|Bell 525 Relentless in the hangar at the manufacturer’s facility in Amarillo, Texas.|
During an update session with Larry Timmesch, vice president of Commercial Programs at Bell Helicopter, along with David King, chief engineer on the Bell 525 Relentless, it became apparent that the company is committed to bringing the Relentless into the “super-medium” twin market. The first helicopter build is set to take place during second quarter 2013 in Amarillo, Texas. The first flight is scheduled for mid-2014. Timmesch states that Bell has a yet-unspecified first delivery date and that orders will be taken after the first flight.
As of June, the 525 is locked into the preliminary design phase for the basic configuration and interfaces. Amarillo was selected as the manufacturing site, with Fort Worth designated as the flight test facility. The manufacturer has assembled modular build teams for defined areas of construction such as rotor systems, control systems, engine selection/installation, landing gear, cabin layout and cockpit configuration. Weight has also been set, though Bell doesn’t plan to release those figures for a while. All major suppliers are on board and some parts are already being built within the supply chain and at the factory.
Relentless will be the first commercial production helicopter that is 100 percent fly-by-wire. The flight control system (FCS) is a real focal point for Bell. In a sense, it will be acting as the “brain” of the helicopter by using its three computer control modules to sense and direct all control inputs, resulting in a highly stabilized flight in all axes. This is referred to as translational rate control (TRC) and is not to be confused with an autopilot. Perhaps a highly refined SAS would more aptly describe it.
The FCS has completed initial development and is undergoing link up configuration with the 525 input controls.
The avionics suite is the Garmin G5000H that uses touchscreen technology similar to smart phones. The menu selections are accessed through icons that look like Aps. There are three multifunction display (MFD) screens and the Garmin system is already set up in the mockup and in the simulator for testing purposes.
Bell has chosen the General Electric CT7 engine (1800 shp) and there are no plans for substitute engines.

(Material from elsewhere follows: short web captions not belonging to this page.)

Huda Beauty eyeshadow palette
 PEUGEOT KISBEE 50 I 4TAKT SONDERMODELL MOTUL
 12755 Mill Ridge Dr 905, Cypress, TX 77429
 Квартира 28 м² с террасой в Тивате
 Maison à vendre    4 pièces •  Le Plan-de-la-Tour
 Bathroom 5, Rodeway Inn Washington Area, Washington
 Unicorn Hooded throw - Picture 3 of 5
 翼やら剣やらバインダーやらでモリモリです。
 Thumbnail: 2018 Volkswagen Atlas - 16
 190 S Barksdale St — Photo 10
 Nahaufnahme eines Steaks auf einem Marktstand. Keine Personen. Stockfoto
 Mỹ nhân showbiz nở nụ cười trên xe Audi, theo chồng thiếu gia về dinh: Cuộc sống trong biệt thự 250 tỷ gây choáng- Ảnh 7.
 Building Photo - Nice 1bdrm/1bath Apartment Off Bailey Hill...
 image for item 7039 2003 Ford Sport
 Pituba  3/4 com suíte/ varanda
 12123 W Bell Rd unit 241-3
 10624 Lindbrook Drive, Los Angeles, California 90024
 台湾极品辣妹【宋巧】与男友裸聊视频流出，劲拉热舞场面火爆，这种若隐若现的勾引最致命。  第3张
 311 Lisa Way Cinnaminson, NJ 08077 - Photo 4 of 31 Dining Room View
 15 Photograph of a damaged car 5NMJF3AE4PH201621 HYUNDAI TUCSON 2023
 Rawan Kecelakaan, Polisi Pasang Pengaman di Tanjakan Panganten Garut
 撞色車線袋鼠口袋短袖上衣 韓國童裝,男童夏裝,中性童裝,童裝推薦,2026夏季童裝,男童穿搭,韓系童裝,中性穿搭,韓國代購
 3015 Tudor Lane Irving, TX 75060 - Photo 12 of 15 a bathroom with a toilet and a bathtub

All design and structural plans are digital using 3D virtual screens at every manufacturing and assembly point in the factory. There are no paper drawings. The helicopter is now in the detailed design phase and many of the digital drawings have been approved and released.
A systems integration lab (SIL) is up and running. This engineering unit integrates all the systems that will be a part of the production aircraft and is now functioning doing preliminary testing of the flight controls, the avionics system and the tail rotor system.
A simulator cabin (SimCab) is also up and running for control law and math model development. This differs from the SIL. The SimCab reproduces most of the research done in the SIL. This cabin is a cockpit mockup with a 358-degree field of vision that is programmed for several scenarios such as offshore and HEMS and is flown just like any other simulator. At present it is used to validate SIL programs concerned with the fly-by-wire control modules and the Garmin Avionics suite and how they will relate to actual flight through the TRC process. As development progresses, the SimCab will become more sophisticated to the point where the initial test pilots will have considerable experience with flight performance prior to the first test aircraft leaving the ground.
The engineers allowed me to take a brief flight in the simulator and I chose the offshore configuration. It was an interesting experience. One example: while completing an approach to an offshore helideck, the simulator engineer, Nick Walton, said to note when my forward motion stopped over the deck. He then had me release all the controls and the simulator remained motionless over the deck at hover height. Using the collective beep button, I gently lowered the simulator to the deck and by reversing the input, raised it back to hover height. This was an early example of what Bell refers to as translational rate control. The demonstration model is still being refined but it will be an integral part of the production aircraft. The standard cockpit configuration will have a side-mounted cyclic control (as does the simulator) that allows for reduced stress, especially on long flights.
Prior to finalizing the design, Bell solicited input from a cross section of large operators designating them as the customer advisory panel (CAP). They have assisted in the design process by relating to their field experience with legacy helicopters, especially in the areas of easing maintenance access to components, writing of maintenance manuals and procedures and defining the necessary from the unnecessary throughout the design. Engineering groups from Bell have also gone out into the field to monitor some of the problems and solutions the operators deal with every day. Timmesch feels that the two-way feedback should result in a better product and better aftermarket communication.
The Bell 525 Relentless is on schedule and appears to on track toward the Bell Helicopter’s goal to provide a user friendly, safe, comfortable long-range helicopter for the 21st century.